Aipysurus laevis is a venomous sea snake species found in the Indo-Pacific. Currently, 2 subspecies are recognized, including the typical form described here.[2]

Description[edit]

Found mainly in warm coastal waters in the Indo-Pacific where it inhabits coral reefs.

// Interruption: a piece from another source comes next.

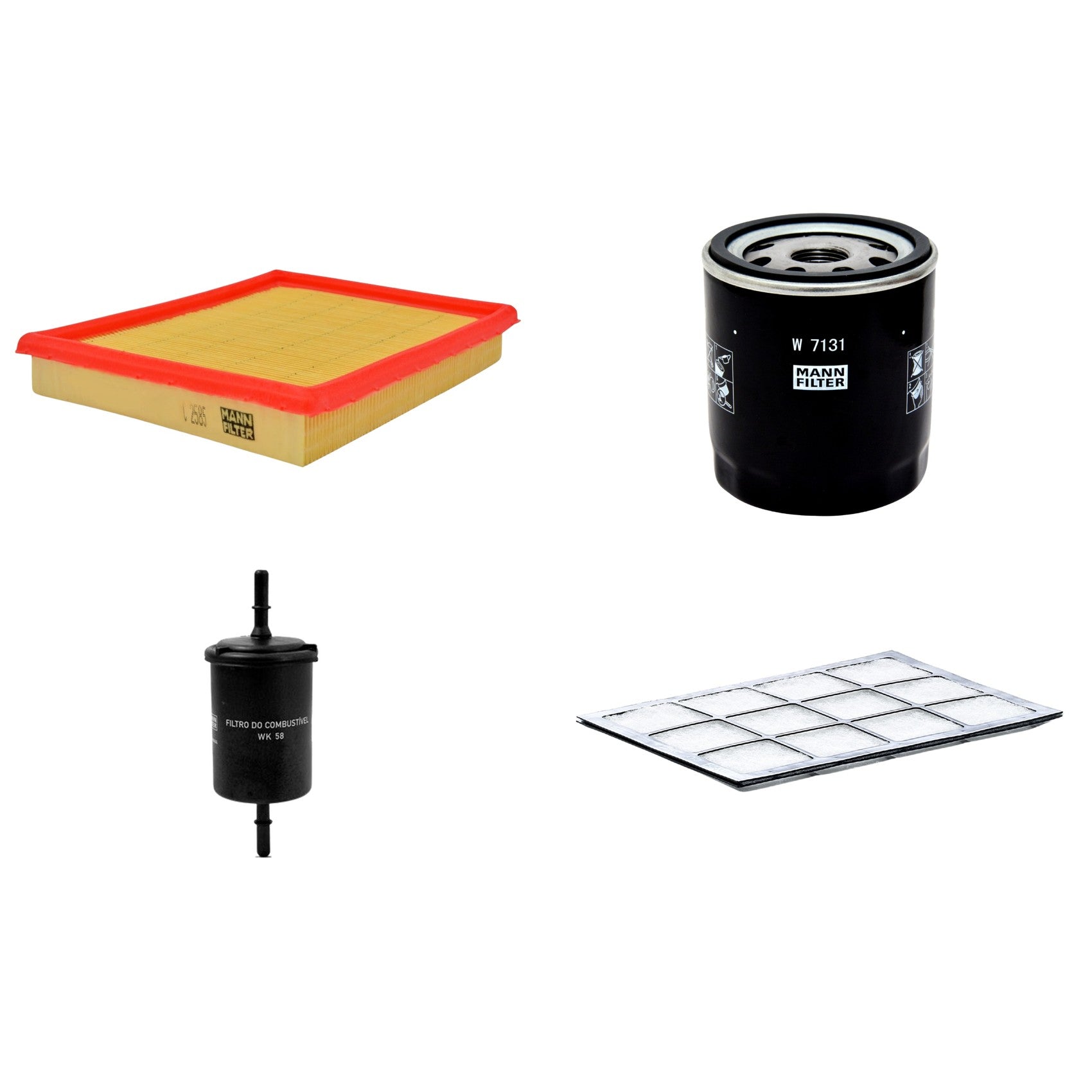 Kit Filtros de Ar Combustível Cabine Ar Condicionado Óleo - Mann-Filter - C2585 - CU2504 - W7131 - WK58 - (1)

Aipysurus laevis has been found to have photoreceptors in the skin of its tail, allowing it to detect light and presumably ensuring it is completely hidden, including its tail, inside coral holes during the day. While other species have not been tested, A. laevis possibly is not unique among sea snakes in this respect. Interestingly, dermal light sensitivity is found in all the major animal phyla.[3]

Subspecies[edit]

Subspecies[2] Authority[2] Common name[1] Geographic range
A. l. laevis Lacépède, 1804 Olive sea snake
A. l. pooleorum H. M. Smith, 1974 Shark Bay sea snake

See also[edit]

References[edit]

  1. ^ a b Western Australian Reptile Species at Frank O'Connor's Birding Western Australia. Accessed 20 September 2007.
  2. ^ a b c "Aipysurus laevis". Integrated Taxonomic Information System. Retrieved 20 September 2007. 
  3. ^ Zimmerman K, Heatwole H. 1990. Cutaneous Photoreception: A New Sensory Mechanism for Reptiles. Copeia, vol. 1990, no. 3 (September 19), pp. 860-862

External links[edit]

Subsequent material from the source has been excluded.